The Jiti-Wuzhi was a massive Pagoda beyond all physical description in its magnanimence. Rumors say that it holds the sky itself in its ceiling. Stories whisper about how it contains evidence of all cultures across the globe having built it simultaneously. Almost like a standing Tower of Babel, if chances were that varying language brought people to build rather than break. I will not lie, such chances sound like a sucker’s bet. But Seeker could not resist the temptation of finding such a global prize, which would document her perilous search for an intrigue to capture the interest of intellectuals and culturists all around the globe.
A week of stumbling around Hatuga’s dark floor, running out of nourishment and supplies and energy, had tempted Seeker in a different way: she just wanted to lie down and die. To expend all your energy searching for something so concealed and undefined is hardly motivating, especially when the goal of simply finding it is not worth the trouble required. Her sabre went swickety-swack nonetheless, swinging indiscriminately as the steadfast young woman sought forward with nothing left in neither heart nor muscle.
But humans are frail, regardless of their determination or their status as adventurers, so Seeker inevitably passed out from exhaustion at the edge of a creek, a trickle no wider than her forearm. She dipped that forearm into the creek, in the hopes that her vine-lashed limb at least might escape the blanket of moisture trapped in by those trees. Focusing her mind into the cool relief flowing against her arm, Seeker drifted off into a deep sleep, not caring if it would be her last.
It would not be. A faint clanking woke her from the darkness.
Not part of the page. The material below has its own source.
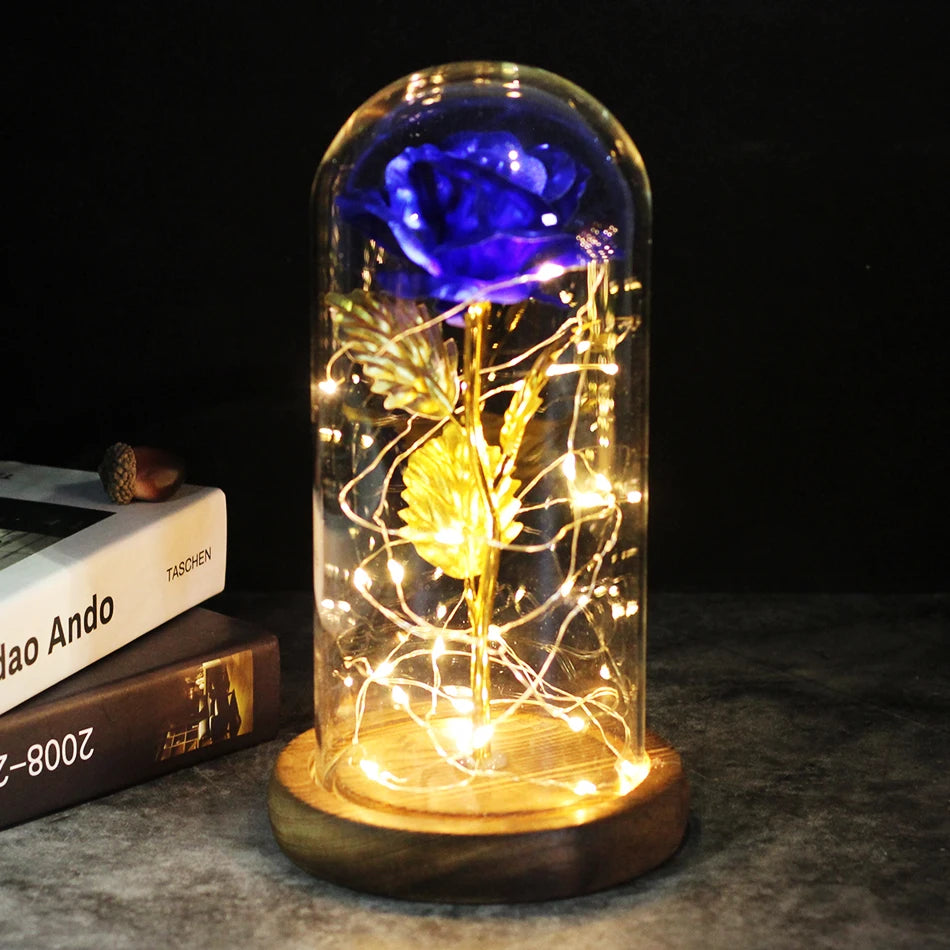 Envío directo de flores artificiales Galaxy Rose, La Bella y la Bestia, decoración de boda, regalo creativo para el Día de San Valentín, regalo para la madre.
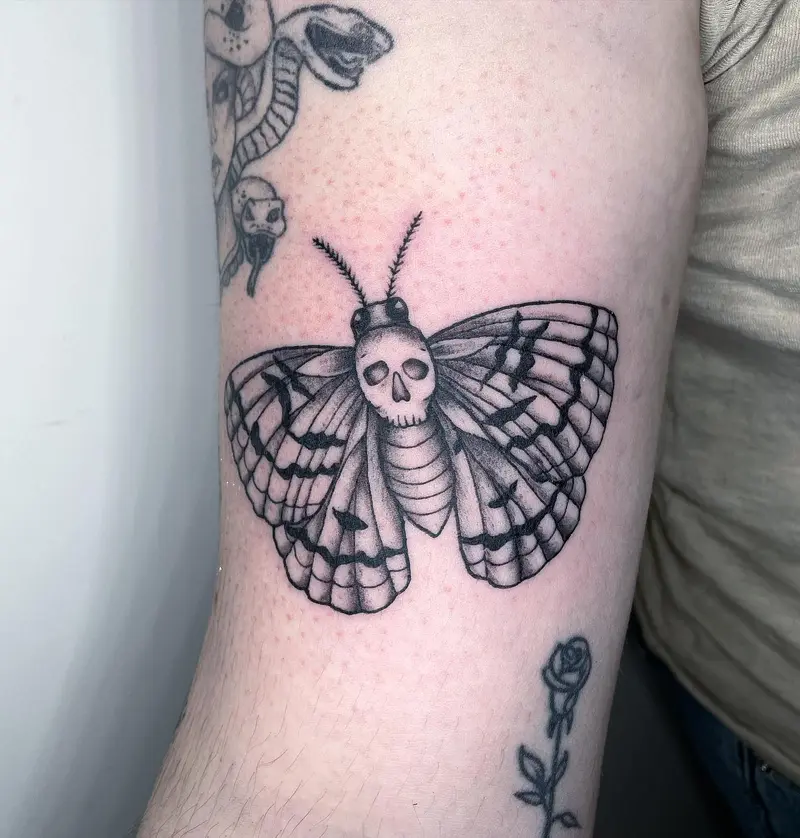 Moth friend I tattooed recently * * * #mothtattoo #deathmoth #deathmothtattoo #moth #insecttattoo #art #tattooart…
Her eyes opened to the last light of day, dimmed by the Summer canopy. Seeker traced the noise to every leaf, until she spotted something wooden dangling from a branch. Of course, branches are wood, but something more polished stood out. It was an arrow pointing Eastward, inscribed with the Hatugan phrase for “This way to the Jiti-Wuzhi.”
A sign! Nothing short of a miracle! Seeker sprung up immediately with newfound excitement in her spirit, setting off in the suggested direction.
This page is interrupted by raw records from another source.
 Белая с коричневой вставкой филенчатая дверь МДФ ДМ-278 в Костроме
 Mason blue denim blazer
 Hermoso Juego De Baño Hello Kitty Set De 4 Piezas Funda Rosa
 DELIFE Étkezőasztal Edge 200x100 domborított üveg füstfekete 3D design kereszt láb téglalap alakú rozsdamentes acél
After an hour’s walk, the forest dons a shade much darker, despite time clinging fast to the heat of midday. Seeker’s pace began to slow, not so much from her dog-tiredness, but because she sensed something…something hidden among the undergrowth, old and sinister, looking to leap out from the black, tangled trees at its first inclination. As she peered around, on guard, something peculiar began to rise in the back of her mind. The forest of Hatuga is known as a habitat of all types of trees, whether they be deciduous, tropical, or conifer. Her peculiar observation was that the trees of this area were neither one nor the other: they were hybrids of all three types, crisscrossed with characteristics of each climate. After a while, these strange trees began to make way for even stranger rocks. Mossy, grey stones mixed with natural lime, man-made marble, cut and uncut gems, tumbled one over the other as though they had fallen from their original design. Seeker found herself surrounded by those carved stones, and imagined she was in the middle of some sort of ruined building.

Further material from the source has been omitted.